Au mois de février écoulé, le mandat de deux des cinq derniers juges de la Cour de Cassation, la plus haute instance judiciaire du pays, arrivait à terme. La Cour est donc en passe de devenir dysfonctionnelle, si l’on ne nomme pas d’autres juges pour y siéger. Sauf que, selon la loi, cela est pratiquement impossible, vu que ni le Sénat ni la Présidence, deux institutions- clés dans ce processus, ne sont pour l’instant en fonction. Le tiers du Sénat encore en fonction n’a aucune capacité de trouver le quorum nécessaire pour former une commission de justice et de sécurité publique pour étudier le dossier et le soumettre à l’assemblée. Dans une note publiée le 22 février dernier, le ministère de la Justice et de la Sécurité publique a invité les avocats à soumettre leur dossier de candidature, en vue de combler les postes vacants à la Cour de Cassation. Depuis lors, le débat est lancé.
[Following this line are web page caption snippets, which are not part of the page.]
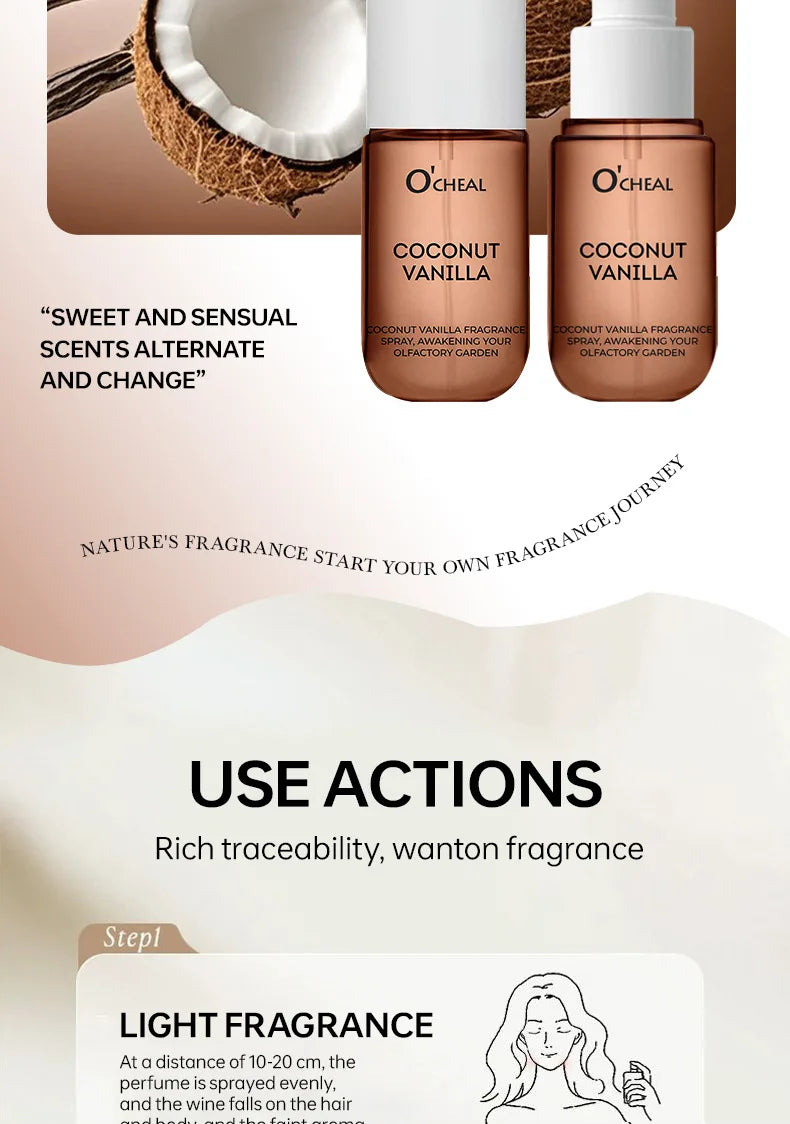 1Pcs Coconut Rose Fragrance Spray Hair & Body perfume Mist Fresh Long Lasting Fragrance Perfume Travel Size Freshener Spray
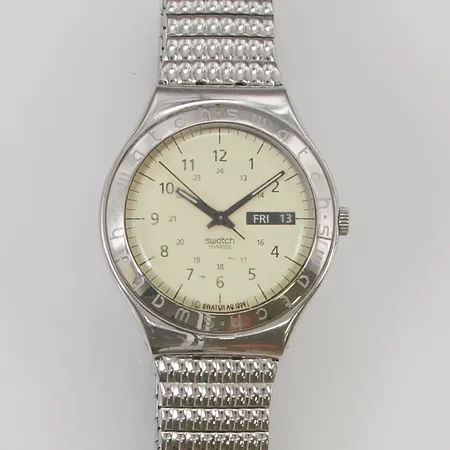 Herrur Swatch quartz 36mm stål flexband originaletui.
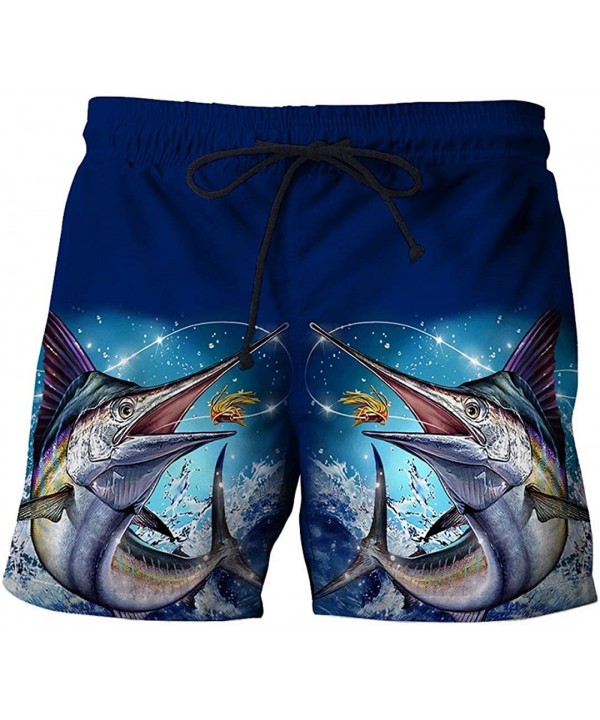 Men's Beach Shorts Fish Shark 3D Printed Men's and Women's Beach Shorts - Yellow - C518W2CX656 $25.62-Board Shorts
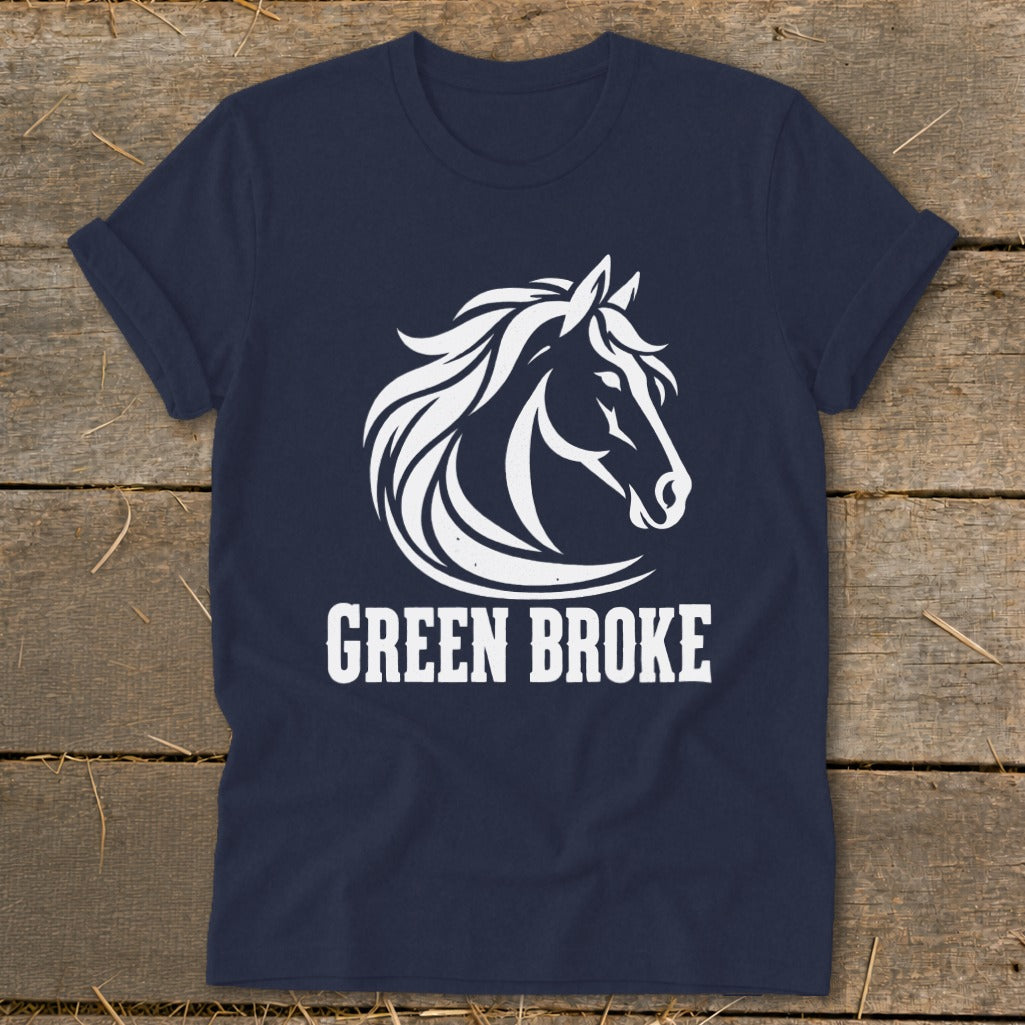 A navy blue t-shirt featuring a white horse head graphic and the text GREEN BROKE.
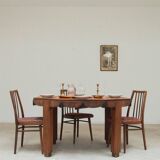 Solid wood octagonal dining table, Art Deco, France.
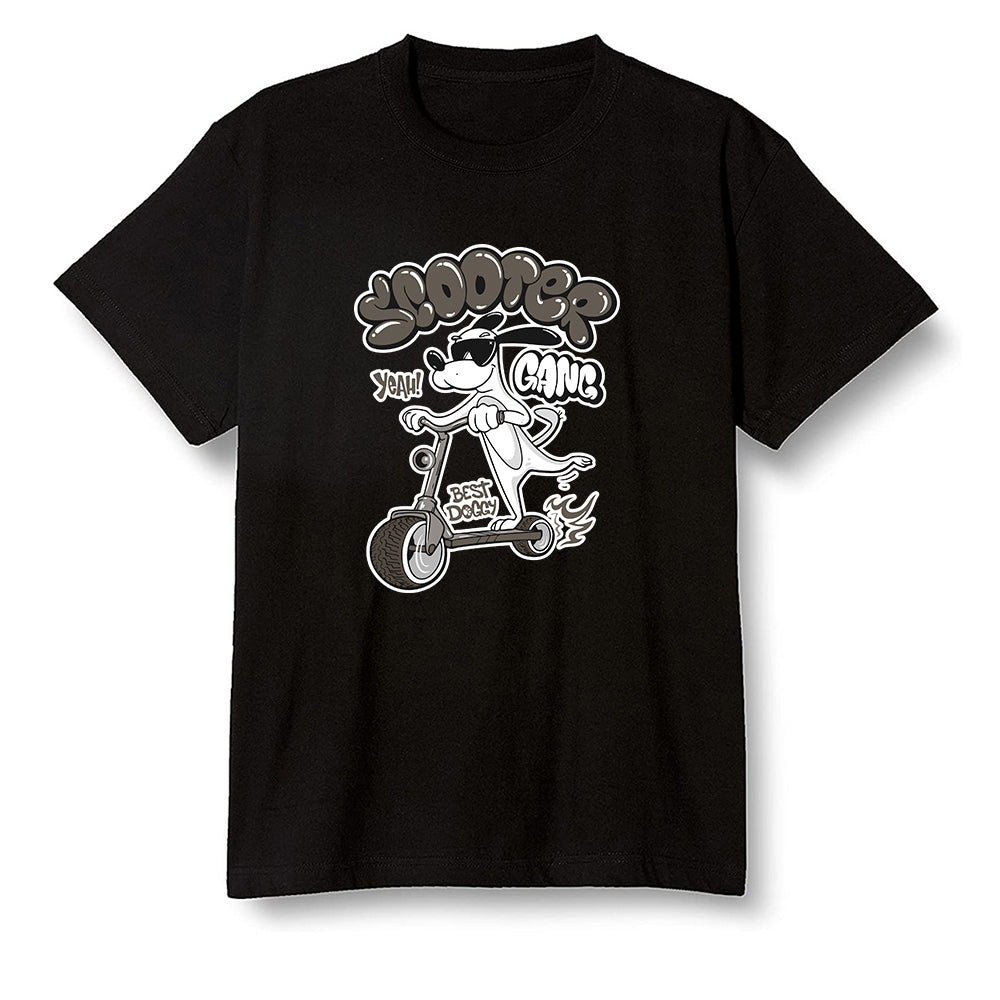 Pop Colour AJ1 Retro High Dark Mocha - Cartoon dog riding a scooter - Black Men T-shirt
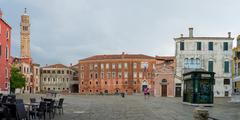 Campo San Angelo square with the San Stefano belltower at sunset in Venice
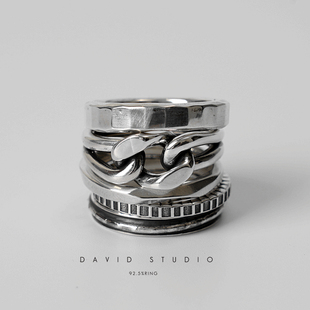 新款David925纯银做旧暗黑五环扣做旧肌理werkstatt munchen戒指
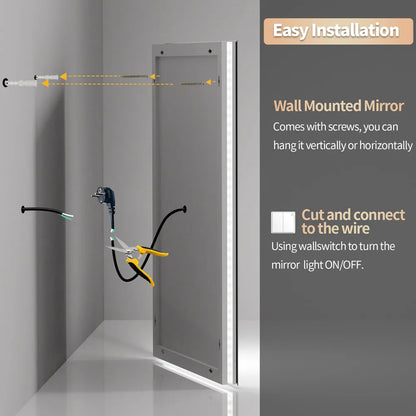 LUVODI Dual LED Crystal Clear Dimmable Defog Waterproof Bathroom Makeup Mirror - Homevalley.co.uk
«Tout le monde s’entend sur le fait qu’il n’y a aucune prérogative légale pour le problème qui se pose aujourd’hui. Un consensus entre les acteurs-clés, en vue de trouver une porte de sortie, est obligatoire», a affirmé le président du Réseau National des Magistrats Haïtiens (RENAMAH), Me Ikenson Edumé, qui croit de préférence que le temps est au consensus. Un consensus, estime Me Edumé, doit être inclusif, équitable et transparent. «Nous sommes dans une situation exceptionnelle. Nous avons des institutions dont le fonctionnement est nécessaire. Les autorités politiques et judiciaires doivent entamer un dialogue avec les autres secteurs concernés par la justice», préconise le magistrat qui croit que certaines mesures peuvent être adoptées autour d’un consensus inclusif. Et il conseille, en ce sens, de se tourner vers le Conseil des ministres, la plus haute instance politique du pays, a-t-il ajouté, en vue de trouver une solution.

Me Ikenson Edumé justifie sa position par le fait que, a-t-il rappelé, le dysfonctionnement de la Cour provoquera l’effritement des garanties judiciaires. «Si la Cour n’existe pas, les justiciables ne pourront plus exercer leur droit de recours, et le Conseil électoral provisoire ne pourra jamais prêter serment», a-t-il souligné. Ce qui n’est pas faux, à entendre Me Jean Wilner Morin, président de l’Association Nationale des Magistrats Haïtiens (ANAMAH). Sauf que le magistrat dit ne pas comprendre qu’un juge, dont la mission est de faire respecter la loi, puisse être favorable à un quelconque consensus dans une situation pareille. «Les juges n’ont pas le droit d’être favorables à la violation de la loi, même si cela était dans leur intérêt». «Nous voyons le débat, nous l’entendons et le comprenons. Il y a nécessité de rendre la Cour fonctionnelle, mais pas de n’importe quelle manière. Cela doit se faire au regard de la loi», a martelé le président de l’ANAMAH. Cette histoire de consensus est malvenue, selon Jean Wilner Morin. «Comment placer des juges à la plus haute instance judiciaire du pays, juste par consensus ?», s’est-il interrogé.

L’ANAMAH se positionne donc contre tout consensus visant à nommer des juges à la Cour de Cassation. «Nous ne l’encourageons pas. Nous n’y participons ni de près ni de loin. Nous ne pouvons pas les combattre, mais nous n’y sommes pas favorables. Cela doit se faire légalement», a soutenu Jean Wilner Morin.